One technical issue was that of wrangling RPM as described back in December. I got through all of that and got my tools working to clean up whatever messes might come along. That much is basically done.
Along the way, I've run into yet another class of problem: rpm and yum processes which do some rather broken things in how they handle futexes. It always starts as the same thing: someone has a box which is supposed to install or upgrade a package by itself, and it hasn't. They take a look and notice that yum or rpm or whatever can't get any work done. Sooner or later, it comes to me.
A pattern became evident with these systems: they all had one or more RPM-related processes sitting in "futex_wait_queue_me". Those which weren't in that particular function were sitting in a call to fcntl() or similar, trying to get a lock. Naturally, I turned to strace to see just what they were up to, and that's when things got weird.
While attaching to the fcntl-waiters didn't do anything, more often than not, attaching to the futex-waiters did. They'd manage to finish the futex call and would get going on their work. Then they'd exit. This would then release the locks, and everything else would wake up and go to work, too. A few seconds later, it was all back to normal as if nothing had ever broken.
What a nice heisenbug! Go to investigate it, and it changes... and disappears, too.
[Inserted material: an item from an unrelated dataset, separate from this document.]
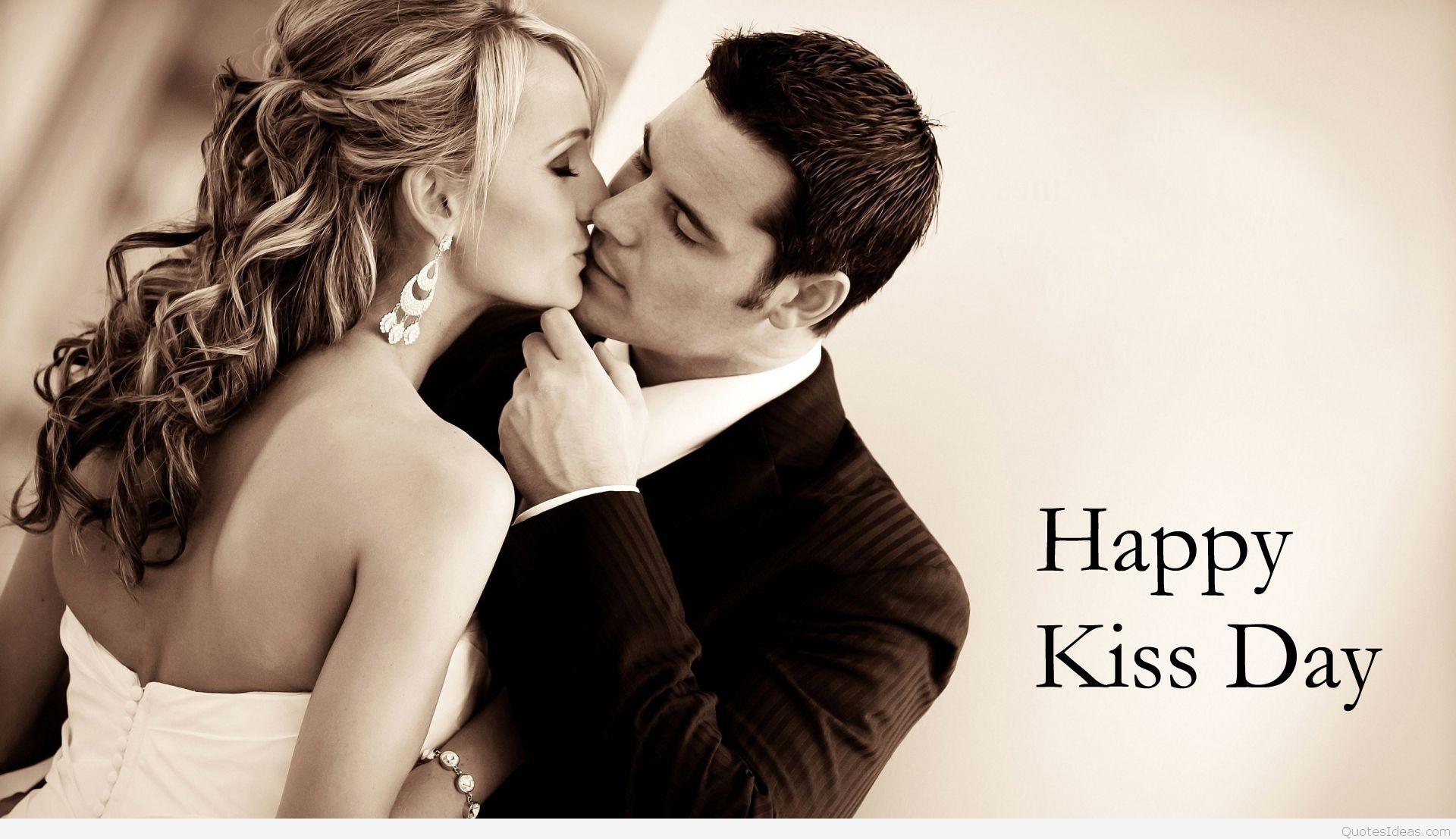 Happy Kiss Day Valentine's day wishes, quotes and wallpaper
How fun.
Like the prior situation, I had two major ways to pursue this problem: I could go digging into RPM and the Berkeley DB stuff and maybe even glibc and beyond yet again, or I could come up with a fix first and then maybe come back to the problem. That's about where I am now: I wrote a fix. I might go back and dig into this crusty old RHEL-variant version some day, but the value of that is already low and continues to drop.
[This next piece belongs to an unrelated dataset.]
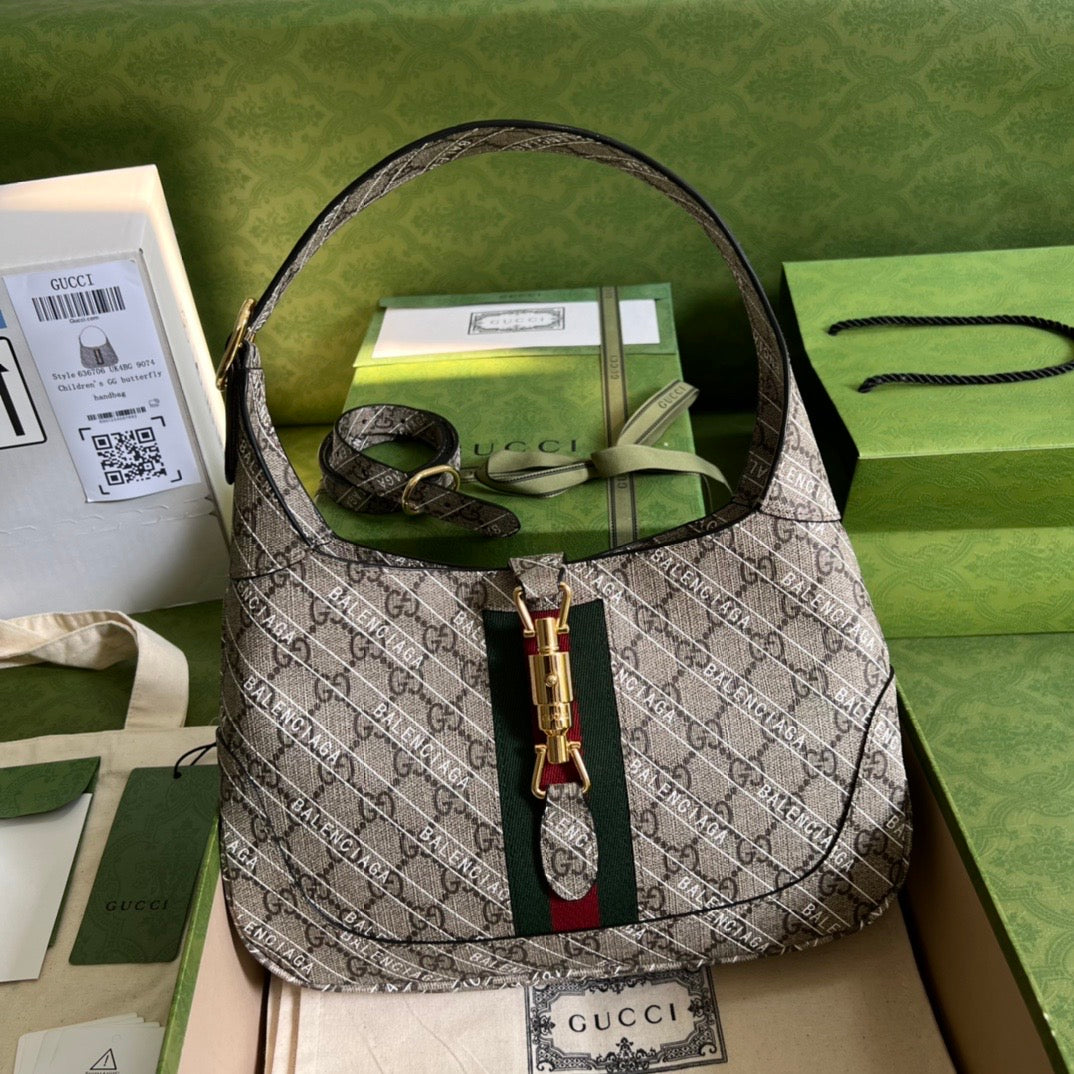 Gucci Jackie Canvas Shoulder Bag Style 5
So, what's the workaround? It's pretty ugly, but it does let the machines keep doing their jobs without sending humans in. It's also a "light touch" and does as little damage as possible.
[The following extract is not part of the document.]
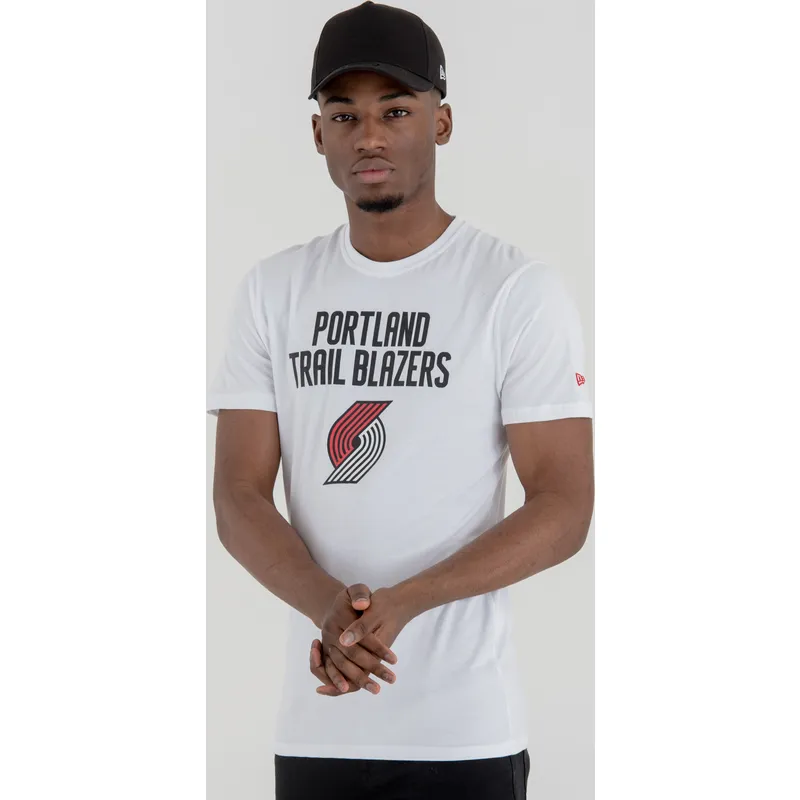 t-shirt-kort-arm-vit-de-fran-portland-trail-blazers-nba-av-new-era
First, look for processes which are touching the RPM database which are in this state. Then attach to them just like strace would -- yep, that means ptrace(). Then detach and give them a poke if necessary to get them running again. Wait a few ms and look again. It'll probably disappear all by itself, having run to completion. If another one is there, then poke it, too. Run a few passes just to be sure.
If this fails, then okay, go nuclear and SIGKILL the stuck ones.
"Look for stuck workers and SIGKILL 'em" is what everyone has done up to this point. It has the potential to make things worse.
I found a happy middle ground. It's a hack, but it does work.
Pragmatism is weird that way.